Miguel and the Hotel Nacional
The air must have been quiet, light and fresh the way it never was in the daytime. No gunshots that night. The clouds blocking the sky like a screen door. In the Hotel, a few curtains were open and laughter dribbled out as people held drinks in the windows. They were oblivious. The men in the casino wore tuxedos and the women wore glittery gold dresses that gleamed in the rawness of the light. The others watched television in hotel rooms and their children took baths in rooms lined with tile. Outside, the red roofs were dim in the dark and the trees were twisted as if loving each other. There were cement walkways between them and, though it didn't seem that way, the grass was green and alive.

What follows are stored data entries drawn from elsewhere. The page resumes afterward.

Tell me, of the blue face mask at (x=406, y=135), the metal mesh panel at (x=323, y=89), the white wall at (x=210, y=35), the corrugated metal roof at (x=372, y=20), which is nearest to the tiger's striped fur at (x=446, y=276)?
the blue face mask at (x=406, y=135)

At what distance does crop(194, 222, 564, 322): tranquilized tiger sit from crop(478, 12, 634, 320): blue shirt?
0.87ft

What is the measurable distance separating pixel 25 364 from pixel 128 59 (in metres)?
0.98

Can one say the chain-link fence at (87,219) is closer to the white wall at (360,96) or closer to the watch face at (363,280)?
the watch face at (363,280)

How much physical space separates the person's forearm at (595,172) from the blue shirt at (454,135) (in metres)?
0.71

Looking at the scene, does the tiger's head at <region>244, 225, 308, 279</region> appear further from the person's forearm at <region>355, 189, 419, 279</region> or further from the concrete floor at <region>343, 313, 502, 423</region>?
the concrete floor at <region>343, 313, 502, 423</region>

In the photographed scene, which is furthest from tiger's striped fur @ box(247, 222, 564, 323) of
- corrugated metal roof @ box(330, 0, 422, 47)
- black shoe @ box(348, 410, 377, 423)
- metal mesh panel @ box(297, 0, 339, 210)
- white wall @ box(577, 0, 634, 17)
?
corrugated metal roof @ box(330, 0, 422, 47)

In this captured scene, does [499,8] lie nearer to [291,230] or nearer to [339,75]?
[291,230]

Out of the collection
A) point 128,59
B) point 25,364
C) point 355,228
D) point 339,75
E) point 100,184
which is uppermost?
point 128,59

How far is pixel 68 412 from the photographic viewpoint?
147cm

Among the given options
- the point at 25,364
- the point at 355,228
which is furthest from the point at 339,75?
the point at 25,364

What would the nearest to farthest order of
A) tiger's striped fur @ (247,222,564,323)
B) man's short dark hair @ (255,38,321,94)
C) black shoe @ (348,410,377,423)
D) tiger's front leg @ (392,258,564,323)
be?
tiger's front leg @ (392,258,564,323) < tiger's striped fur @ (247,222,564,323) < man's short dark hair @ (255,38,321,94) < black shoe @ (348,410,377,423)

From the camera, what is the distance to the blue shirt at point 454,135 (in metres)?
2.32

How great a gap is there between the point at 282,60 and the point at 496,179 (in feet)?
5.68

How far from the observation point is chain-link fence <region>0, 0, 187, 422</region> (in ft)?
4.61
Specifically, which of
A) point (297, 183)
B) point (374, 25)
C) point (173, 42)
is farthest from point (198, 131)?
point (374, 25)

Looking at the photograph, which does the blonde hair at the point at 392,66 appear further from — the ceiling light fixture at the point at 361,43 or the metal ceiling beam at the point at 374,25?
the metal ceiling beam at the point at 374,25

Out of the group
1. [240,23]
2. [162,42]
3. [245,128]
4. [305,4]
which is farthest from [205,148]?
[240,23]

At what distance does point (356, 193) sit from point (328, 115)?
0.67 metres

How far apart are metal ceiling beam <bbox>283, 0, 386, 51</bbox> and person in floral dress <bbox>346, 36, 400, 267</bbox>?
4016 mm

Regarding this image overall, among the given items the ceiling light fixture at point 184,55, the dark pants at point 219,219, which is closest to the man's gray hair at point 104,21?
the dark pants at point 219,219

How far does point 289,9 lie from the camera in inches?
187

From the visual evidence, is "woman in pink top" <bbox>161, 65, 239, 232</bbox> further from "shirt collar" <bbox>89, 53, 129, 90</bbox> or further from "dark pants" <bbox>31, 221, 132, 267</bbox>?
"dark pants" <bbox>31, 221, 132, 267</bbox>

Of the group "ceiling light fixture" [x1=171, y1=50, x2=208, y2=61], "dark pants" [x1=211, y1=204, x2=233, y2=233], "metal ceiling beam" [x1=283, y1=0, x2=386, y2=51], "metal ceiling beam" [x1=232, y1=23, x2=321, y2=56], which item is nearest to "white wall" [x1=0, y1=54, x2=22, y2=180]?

On one of the walkways was Miguel. It was the end of his shift, and out he came by the staff entrance as the luminescence of the pool shone up to the palm trees. I'd seen pools before in the rich parts of town like Miramar, but this one I pictured special — a hole in the ground five cars wide filled with deep turquoise water. I imagined Miguel with his backpack slung over his shoulder, his good black shoes tied and dangling around his neck as he cut across the court-yard. His feet squelched in the mud and he was having trouble walking.

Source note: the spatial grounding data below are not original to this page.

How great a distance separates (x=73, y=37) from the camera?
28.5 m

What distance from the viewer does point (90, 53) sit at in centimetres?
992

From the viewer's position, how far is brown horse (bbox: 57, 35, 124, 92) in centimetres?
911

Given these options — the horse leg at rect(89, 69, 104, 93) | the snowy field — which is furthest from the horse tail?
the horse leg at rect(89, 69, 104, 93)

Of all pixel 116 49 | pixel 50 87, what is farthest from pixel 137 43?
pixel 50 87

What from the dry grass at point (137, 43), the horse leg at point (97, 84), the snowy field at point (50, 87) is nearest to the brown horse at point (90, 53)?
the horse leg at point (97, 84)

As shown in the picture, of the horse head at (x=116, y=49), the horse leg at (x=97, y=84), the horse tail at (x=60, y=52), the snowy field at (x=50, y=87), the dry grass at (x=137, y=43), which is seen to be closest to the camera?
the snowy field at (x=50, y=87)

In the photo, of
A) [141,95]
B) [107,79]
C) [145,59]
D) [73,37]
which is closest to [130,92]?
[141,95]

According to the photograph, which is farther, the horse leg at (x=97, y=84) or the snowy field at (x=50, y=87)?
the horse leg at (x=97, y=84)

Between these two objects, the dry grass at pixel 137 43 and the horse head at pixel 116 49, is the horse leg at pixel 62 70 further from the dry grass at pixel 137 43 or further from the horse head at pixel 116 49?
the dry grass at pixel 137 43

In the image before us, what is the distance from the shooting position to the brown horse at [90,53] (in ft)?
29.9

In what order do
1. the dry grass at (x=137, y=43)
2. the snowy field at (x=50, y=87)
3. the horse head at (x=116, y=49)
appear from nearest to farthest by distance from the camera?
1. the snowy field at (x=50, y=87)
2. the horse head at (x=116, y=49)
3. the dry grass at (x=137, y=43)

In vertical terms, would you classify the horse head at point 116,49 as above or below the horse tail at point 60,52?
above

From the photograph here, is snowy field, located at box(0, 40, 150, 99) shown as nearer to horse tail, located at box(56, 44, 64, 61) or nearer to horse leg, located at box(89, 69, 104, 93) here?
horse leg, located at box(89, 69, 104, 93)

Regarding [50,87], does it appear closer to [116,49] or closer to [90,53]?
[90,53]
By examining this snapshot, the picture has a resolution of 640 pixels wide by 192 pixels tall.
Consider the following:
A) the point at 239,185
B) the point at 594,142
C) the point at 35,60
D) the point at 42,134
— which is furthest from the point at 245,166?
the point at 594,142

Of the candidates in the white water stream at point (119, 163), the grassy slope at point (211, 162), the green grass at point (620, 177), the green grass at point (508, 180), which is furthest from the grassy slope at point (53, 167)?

Then, from behind the brick wall a harsh glow. Headlights. Tyres screeching. A small black shadow against the gloom, lobbed quickly. It landed in the squelch and — BOOM!
His ears, they must've hurt so much. The air probably sucked from his lungs, his head pining for oxygen, his vision shaking. I could imagine the slowness of it. Him raising his head, the mud warm and gooey on his cheek. And, suddenly, all of it going backwards. Rolling, my cousin Miguel rolling, the mud on his elbows like playing baseball in the rain. But slow, so slow, you could see the bits of Hotel grass getting mushed beneath his fingernails.
When he got up, his whole body buzzing with the pounding, the shrapnel must have been scattered all around: a piece in his backpack, the trunk and leaves of a palm tree so decimated he felt like crying. And he did cry, I'm sure of it, though he would always deny it. Right then and there, he cried like a kid and I knew because I saw the tracks on his cheeks when he came back, tracing through the mud.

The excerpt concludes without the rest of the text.